[Opening EXTRACTED ENTRIES section]
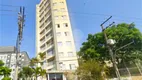 Foto 11 de Apartamento com 2 Quartos à venda, 57m² em Limão, São Paulo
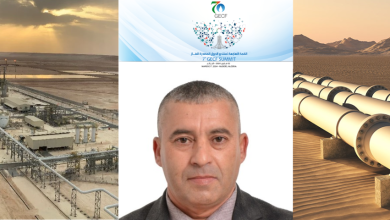 Rabah Sellami, expert en énergie : «Le GECF doit renforcer le dialogue avec les pays consommateurs»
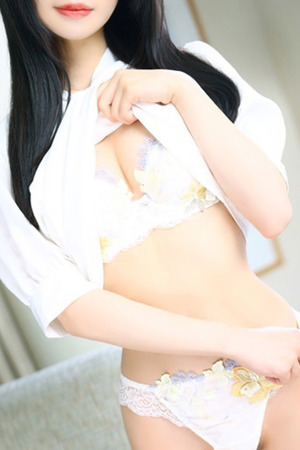 空(そら) photo4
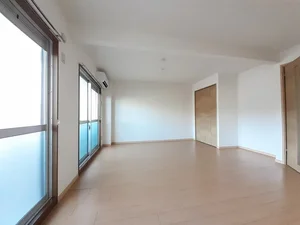 のマンスリーマンション・ウィークリーマンション「グラディオＯＴＵＮＡ 104・洋室(No.1238446)」メイン画像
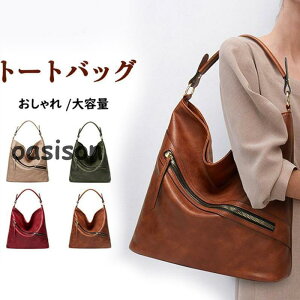 g[gobO fB[X  | U[ g t@Xi[t }}obO n  _炩 e   ʋ 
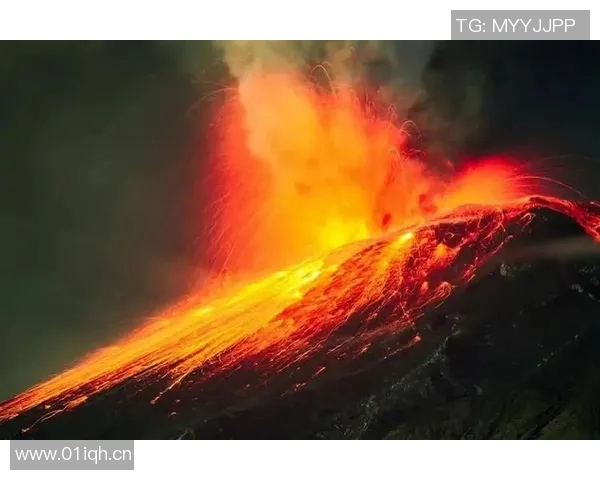 全球气候变化加剧极端天气事件 专家警告未来五年将更频繁发生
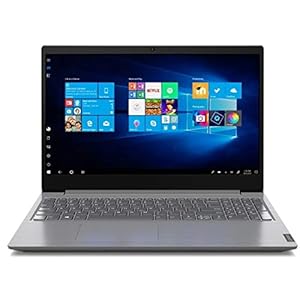 Lenovo-V15-156-Laptop-Core-i5-1GHz-CPU-8GB-RAM-512GB-SSD-Windows-10 Lenovo V15-IIL Core i5-1035G1 8GB 512GB SSD 15.6 Inch Windows 10 Laptop
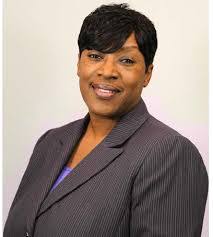 Brandon Fetterolf's Instagram, Twitter & Facebook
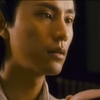 中国映画☆4『画皮〜あやかしの恋〜』(2008年)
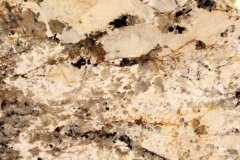 Delicatus-Gold-Granite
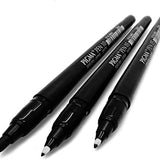 Zestaw Sakura Pigma Pen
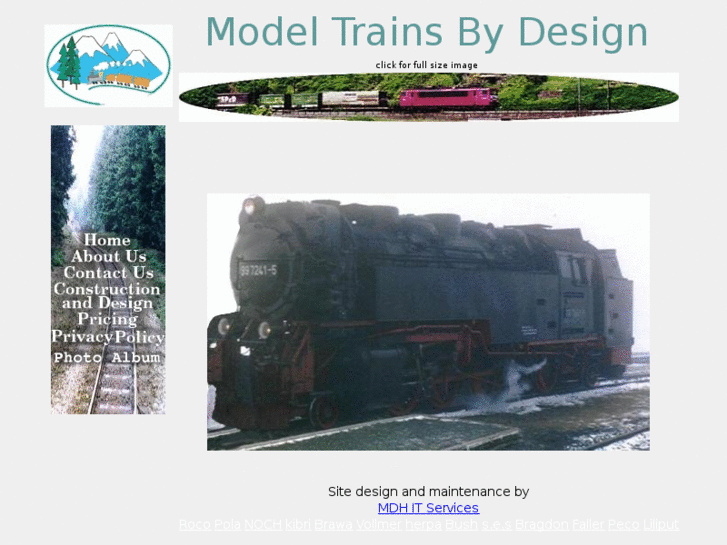 www.modeltrainsbydesign.com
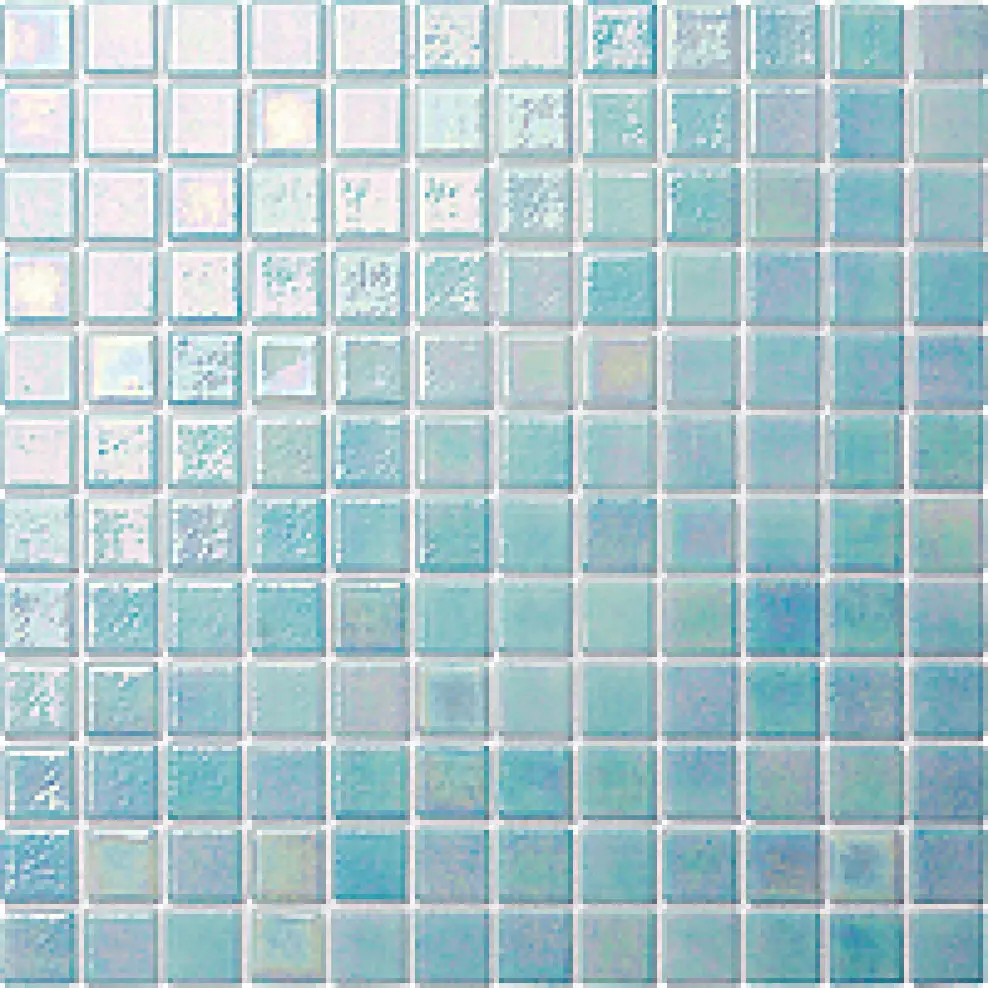 3804_IrisLight Alttoglass Iris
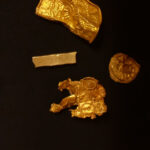 19_2015T231 IR 4 fixed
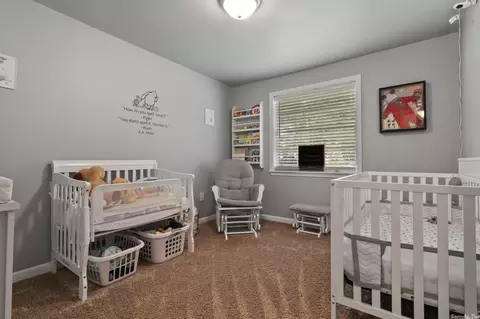 2919 Walnut, Benton, AR 72019 photo 14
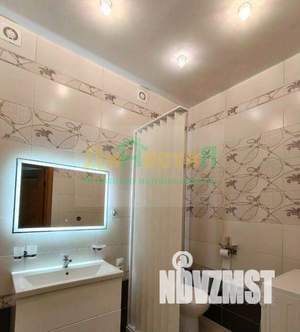 2-к квартира, вторичка, 67м2, 4/9 этаж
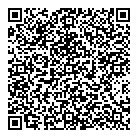 QR код "Дельта"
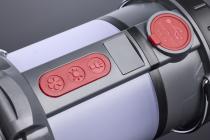 LED MULTI-FUNCTION LANTERN - S30116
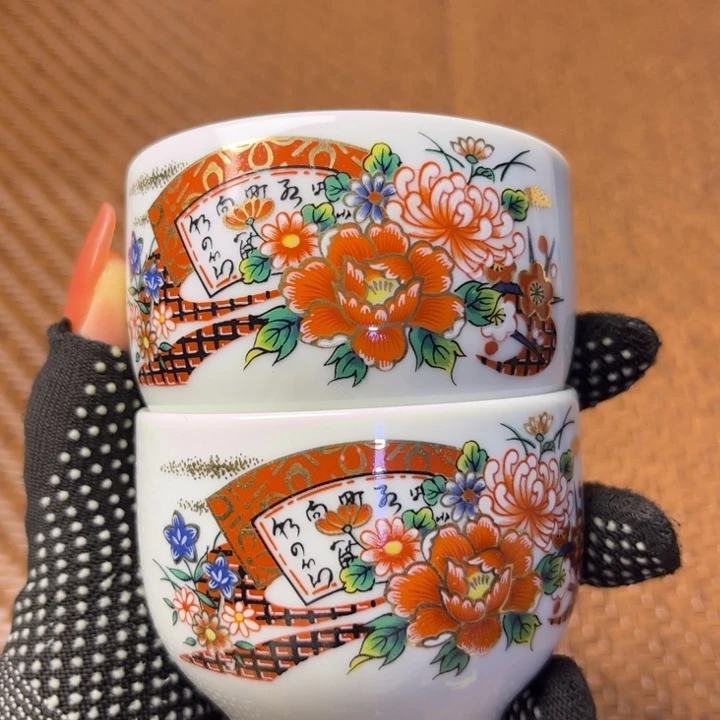 陶瓷艺术品的设计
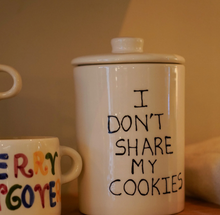 anna-nina-voorraadpot-i-dont-share-cookie-jar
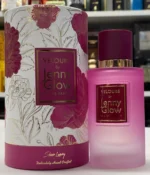 „Velours by Jenny Glow“ - EDP 80 ml - Image 2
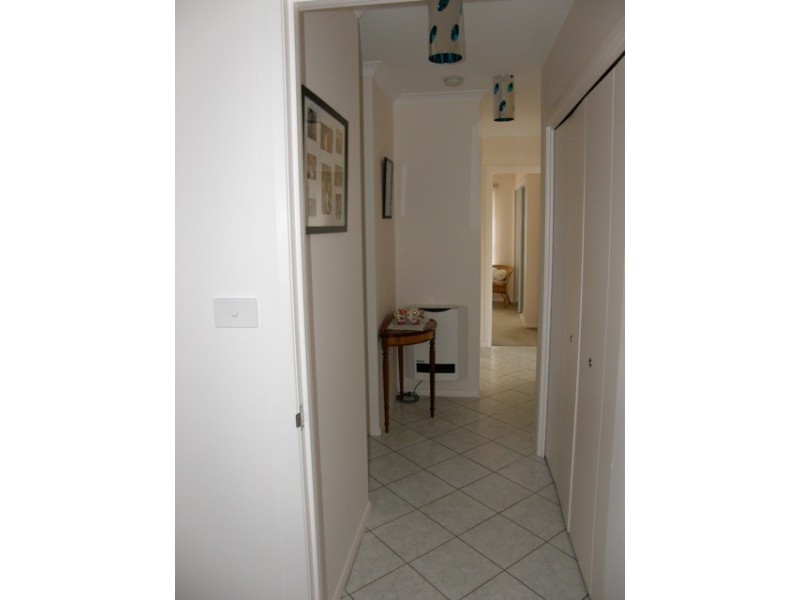 7/14 Doepel Place, St Helens TAS 7216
[Closing EXTRACTED ENTRIES section]
*WHAT IS EXPECTED*
Copy out the lines above in full and unaltered, apart from the pictures.

*ANSWER TO THE PROBLEM*
 Foto 11 de Apartamento com 2 Quartos à venda, 57m² em Limão, São Paulo
 Rabah Sellami, expert en énergie : «Le GECF doit renforcer le dialogue avec les pays consommateurs»
 空(そら) photo4
 のマンスリーマンション・ウィークリーマンション「グラディオＯＴＵＮＡ 104・洋室(No.1238446)」メイン画像
 g[gobO fB[X  | U[ g t@Xi[t }}obO n  _炩 e   ʋ 
 全球气候变化加剧极端天气事件 专家警告未来五年将更频繁发生
 Lenovo-V15-156-Laptop-Core-i5-1GHz-CPU-8GB-RAM-512GB-SSD-Windows-10 Lenovo V15-IIL Core i5-1035G1 8GB 512GB SSD 15.6 Inch Windows 10 Laptop
 Brandon Fetterolf's Instagram, Twitter & Facebook
 中国映画☆4『画皮〜あやかしの恋〜』(2008年)
 Delicatus-Gold-Granite
 Zestaw Sakura Pigma Pen
 www.modeltrainsbydesign.com
 3804_IrisLight Alttoglass Iris
 19_2015T231 IR 4 fixed
 2919 Walnut, Benton, AR 72019 photo 14
 2-к квартира, вторичка, 67м2, 4/9 этаж
 QR код "Дельта"
 LED MULTI-FUNCTION LANTERN - S30116
 陶瓷艺术品的设计
 anna-nina-voorraadpot-i-dont-share-cookie-jar
 „Velours by Jenny Glow“ - EDP 80 ml - Image 2
 7/14 Doepel Place, St Helens TAS 7216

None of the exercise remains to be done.